For demonstration purposes, the PHP class named 'Greeting' may be defined as follows:

<?php
class Greeting {

    // Return a friendly greeting.
    function get_greeting($name) {
        $greeting = 'Hello '.$name.'. It\'s nice to see you!';
        return $greeting;
    }

}

Note: The example provided omits elements such as type hinting, return types, visibility modifiers (public, private, protected), and doc blocks for brevity. These are essential for production code to ensure clarity, type safety, and proper documentation. For additional information, please refer to the Trongate framework's coding style guide.

This class provides a simple method to return a greeting message. By placing this class in the 'controllers' directory, it is organized alongside other related controllers, ensuring that your module remains tidy and manageable.

Step 2: Loading the Additional PHP Class

Once you have created an additional PHP class within the 'controllers' directory, the next step is to ensure that this class is properly loaded and accessible where needed. In Trongate, this typically involves using require_once or a similar include statement to ensure the class is available without causing redundancy or errors.

Why Use require_once? This PHP statement is crucial in situations where the same file might be included multiple times during a request. It ensures that the file is included only once, preventing errors and behavior anomalies that occur from multiple inclusions, such as redeclaration errors.
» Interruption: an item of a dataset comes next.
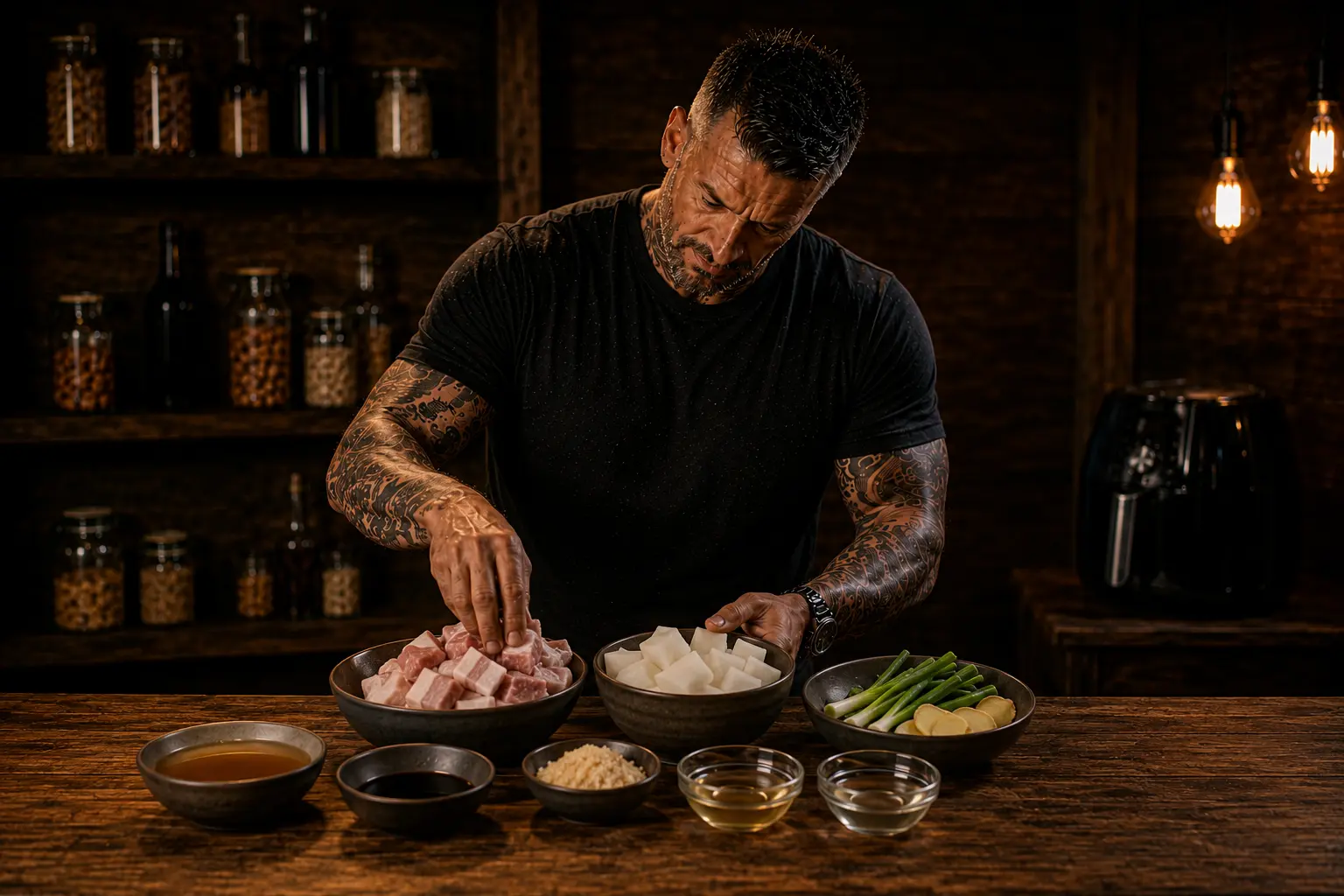 Air Fryer Okinawan Rafute Pork Belly & Daikon Pots preparation stage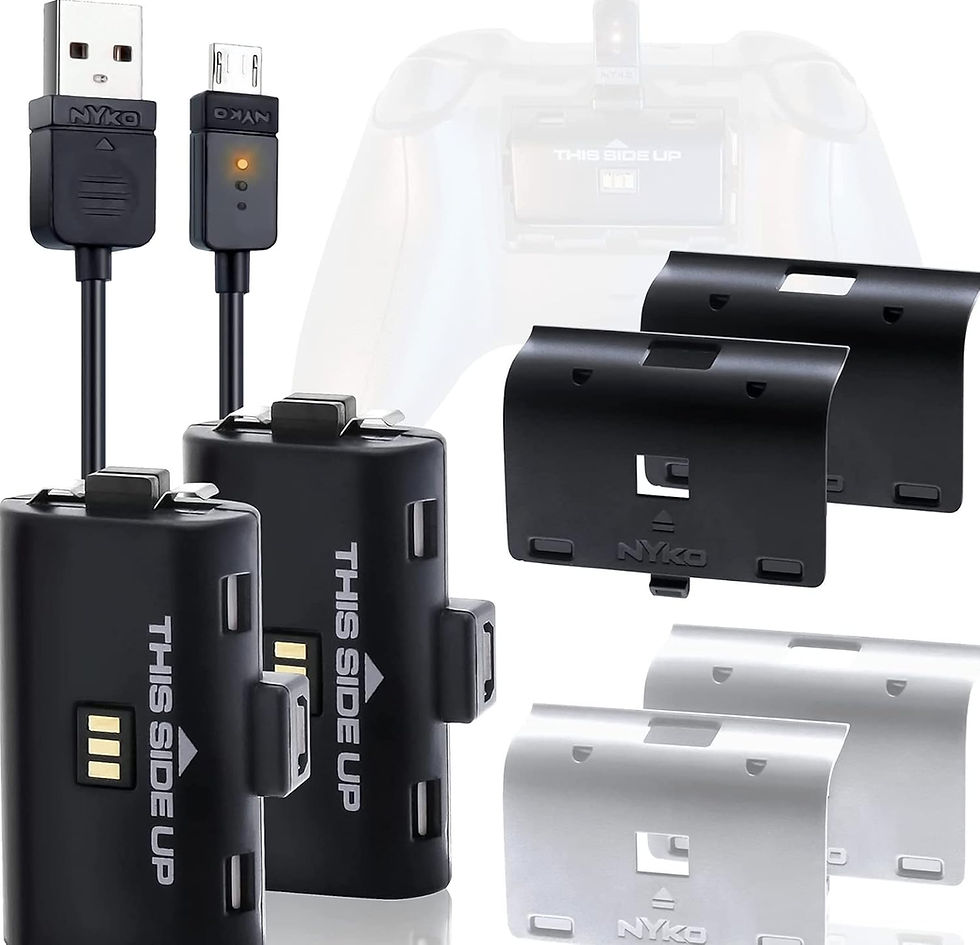 Buy Nyko Xbox One Power Kit Plus in bulk – rechargeable battery kit with 2 batteries, black & white covers, and 8-foot Micro-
Example of Loading an Additional Class

Consider that you have the Greeting class in a file named 'Greeting.php' within the 'welcome' module's 'controllers' directory. To use this class in your main controller or anywhere within the module, you would include it using the following PHP statement:

<?php
require_once 'Greeting.php';

class Welcome extends Trongate {

    function test($name) {
        $greeting = new Greeting();
        $name = 'John';
        $message = $greeting->get_greeting($name);
        echo $message;
    }

}

This example demonstrates how to load the 'Greeting' class and use it within the 'Welcome' controller. The require_once statement is placed at the top of the file, ensuring that the 'Greeting' class is available to the 'Welcome' controller methods.

Best Practices for Loading Additional Classes

By following these guidelines, you can efficiently manage and utilize multiple classes within your Trongate module, ensuring that each class is loaded appropriately and is ready to fulfill its role within the application.

Controllers vs. Ordinary PHP Classes: Not every PHP class within a 'controllers' directory qualifies as a 'controller' in the traditional sense. Typically, a controller is directly involved in handling HTTP requests, responding to user actions, managing the flow between the model and the view, and encapsulating the business logic required for these interactions.

The example provided on this page introduces the loading of a basic PHP class, rather than an additional controller. This distinction is important, and it should be noted that the example provided has been intentionally simplified to facilitate understanding.